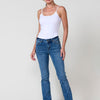 Women's regular push-up dark blue jeans with frayed hems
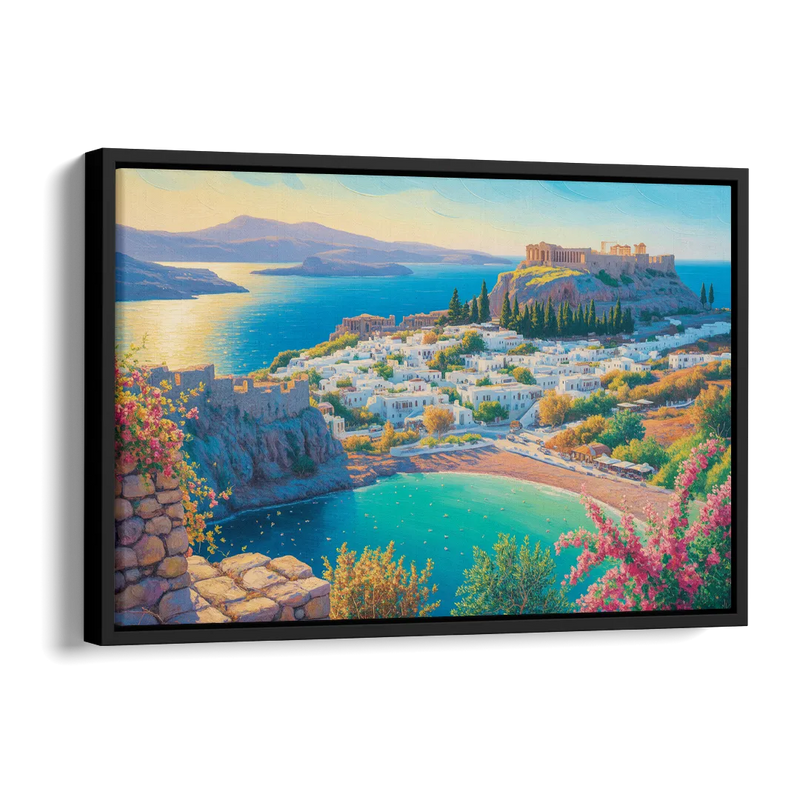 Lindos Views Side - Black Canvas Wall Art
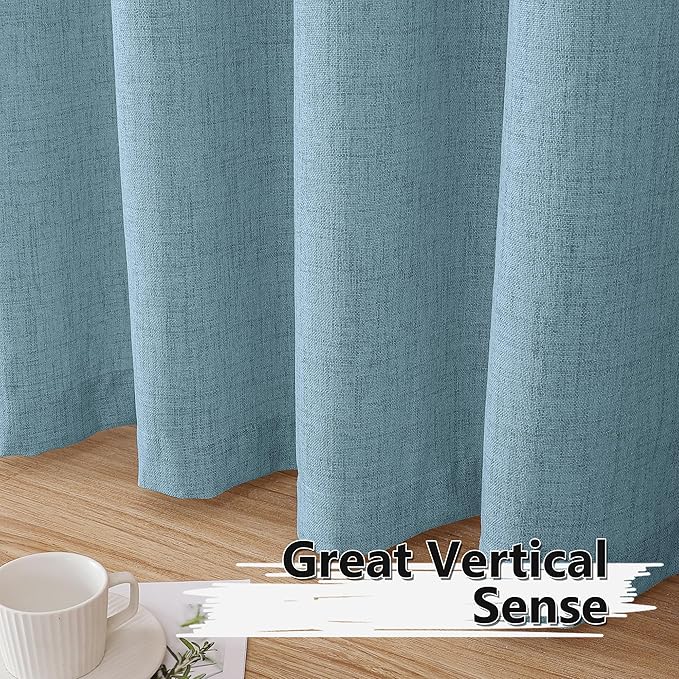 Tollpiz Linen Curtains Bedroom Rod Pocket Semi Sheer Curtain Burlap Light Filtering Thick Linen Drapes for Living Room, 54 x 84 inches Long, Dusty Blue, Set of 2 Panels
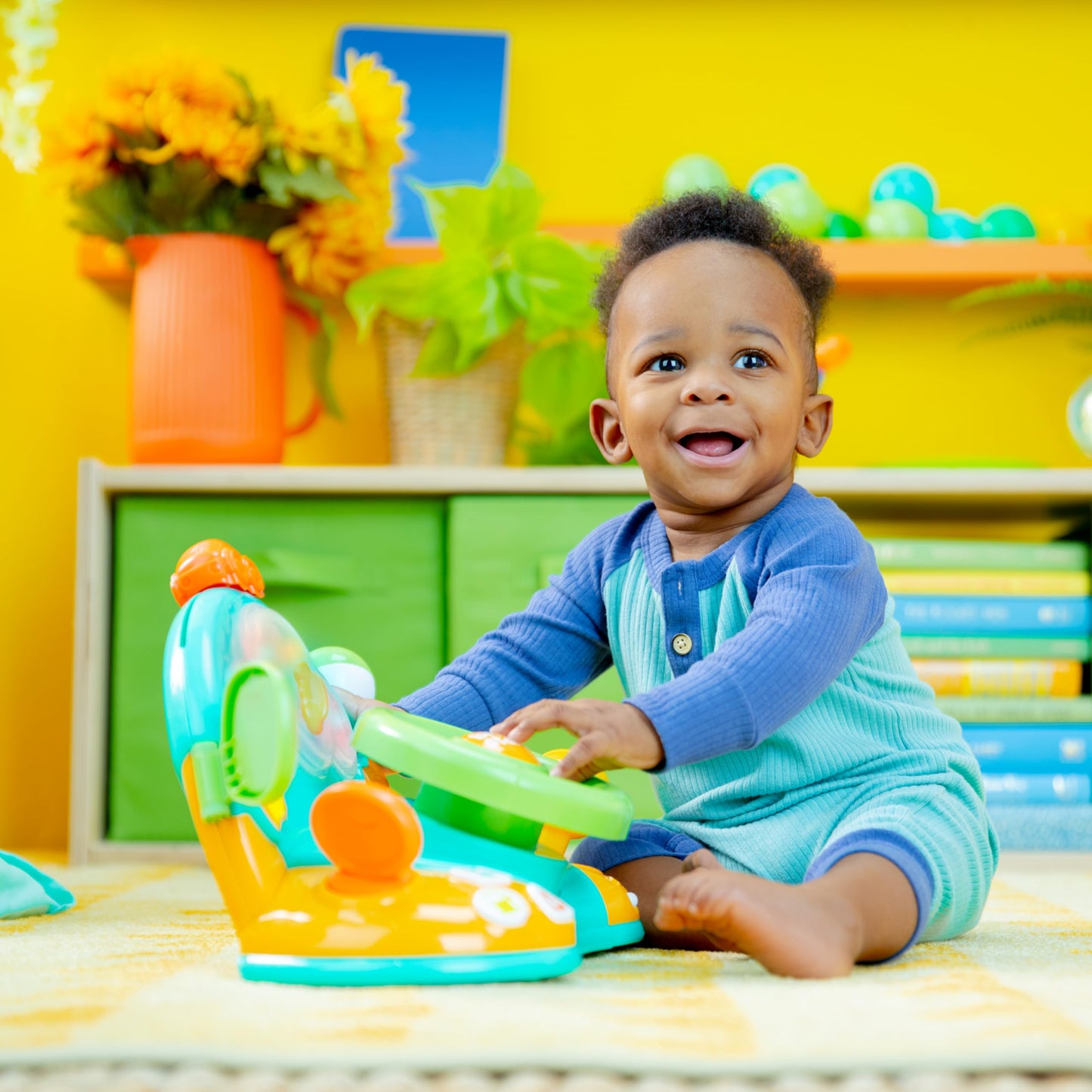 Bright Starts Lights and Colors Driver Toy Steering Wheel with Car Sounds for Pretend Play - Green, 6 Months and up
---
### Assignment
Reproduce exactly the lines from the one with "Lindos Views Side - Black Canvas Wall Art" to the bottom of the listing, both ends included, and nothing else. Skip the pictures.

### Worked solution
 Lindos Views Side - Black Canvas Wall Art
 Tollpiz Linen Curtains Bedroom Rod Pocket Semi Sheer Curtain Burlap Light Filtering Thick Linen Drapes for Living Room, 54 x 84 inches Long, Dusty Blue, Set of 2 Panels
 Bright Starts Lights and Colors Driver Toy Steering Wheel with Car Sounds for Pretend Play - Green, 6 Months and up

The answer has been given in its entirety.